* Work item
Each entry that follows is to be retyped exactly. Pictures do not belong in the copy.

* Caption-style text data
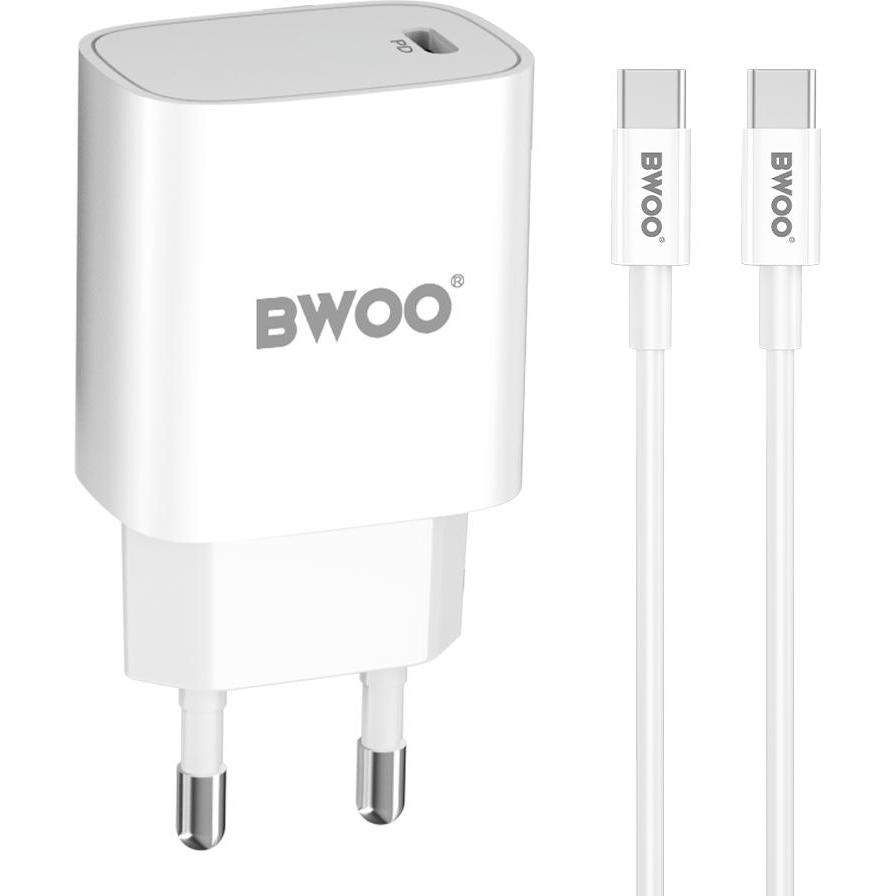 Bwoo 20-W-Wandladegerät GD-CDA162 mit Kabel USB-A zu USB-C (20 W), USB Ladegerät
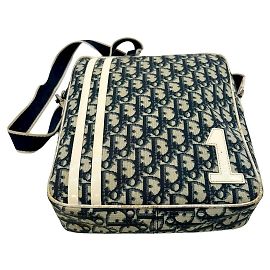 Borsa a tracolla Christian Dior Monogramma Bianca Blu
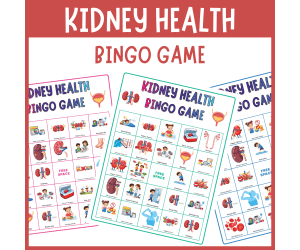Kidney Renal Health bingo game Human Body CKD Prevention Vocabulary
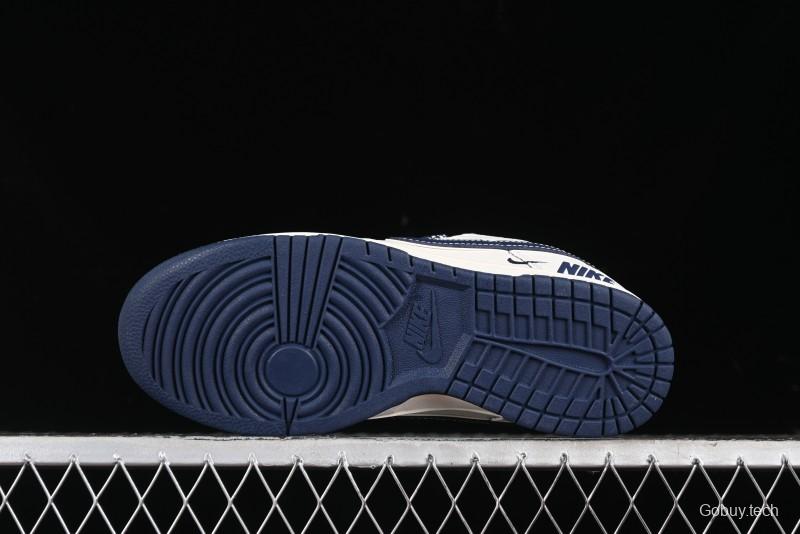 Nike SB Dunk Low Anniversary Premium Custom Low-Top Casual Skate Shoes in Off-White with Navy Blue Swoosh - SJ1089-004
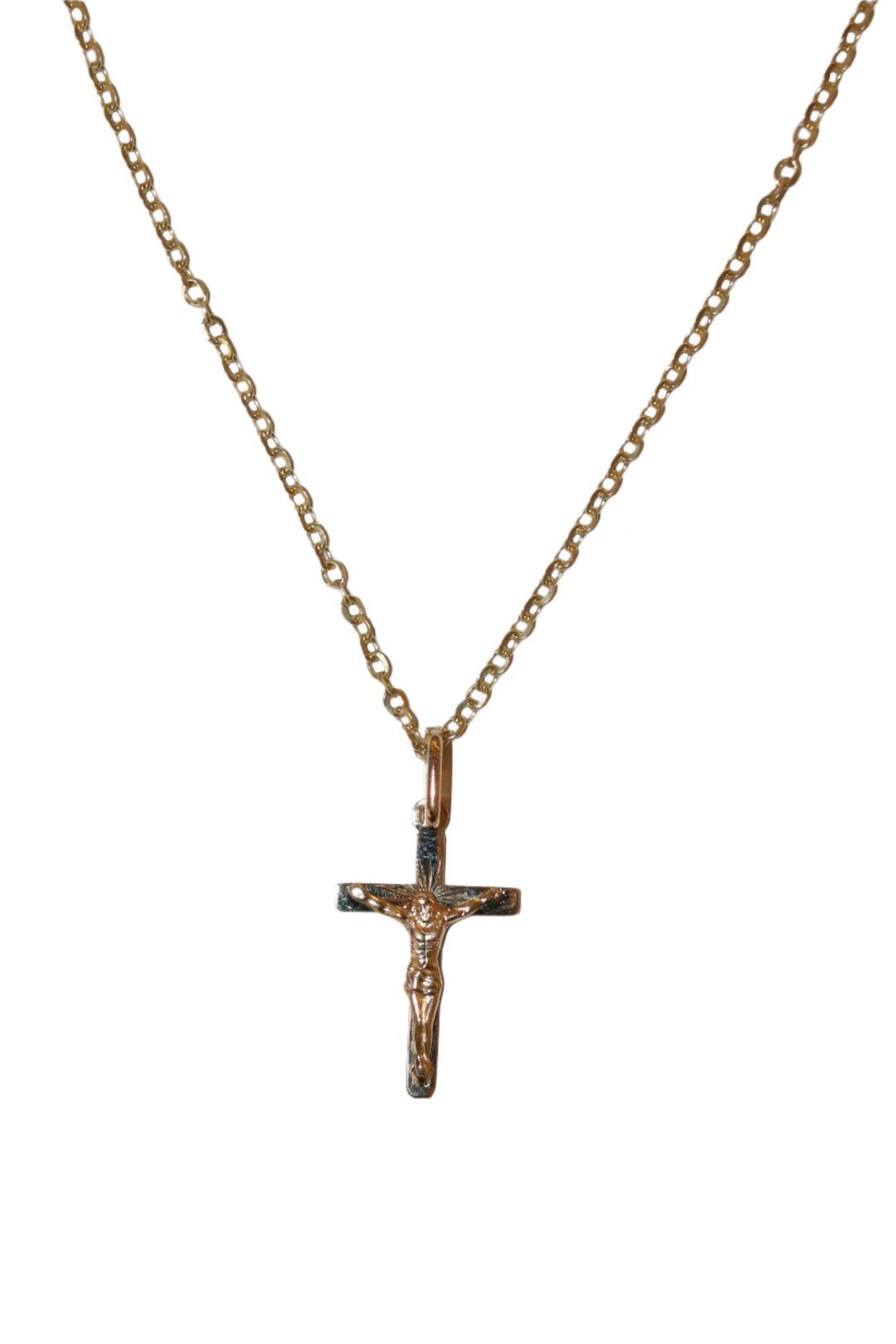 14KT Gold 1" Classic Crucifix Necklace on 20" Chain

* Response to the task
 Bwoo 20-W-Wandladegerät GD-CDA162 mit Kabel USB-A zu USB-C (20 W), USB Ladegerät
 Borsa a tracolla Christian Dior Monogramma Bianca Blu
Kidney Renal Health bingo game Human Body CKD Prevention Vocabulary
 Nike SB Dunk Low Anniversary Premium Custom Low-Top Casual Skate Shoes in Off-White with Navy Blue Swoosh - SJ1089-004
 14KT Gold 1" Classic Crucifix Necklace on 20" Chain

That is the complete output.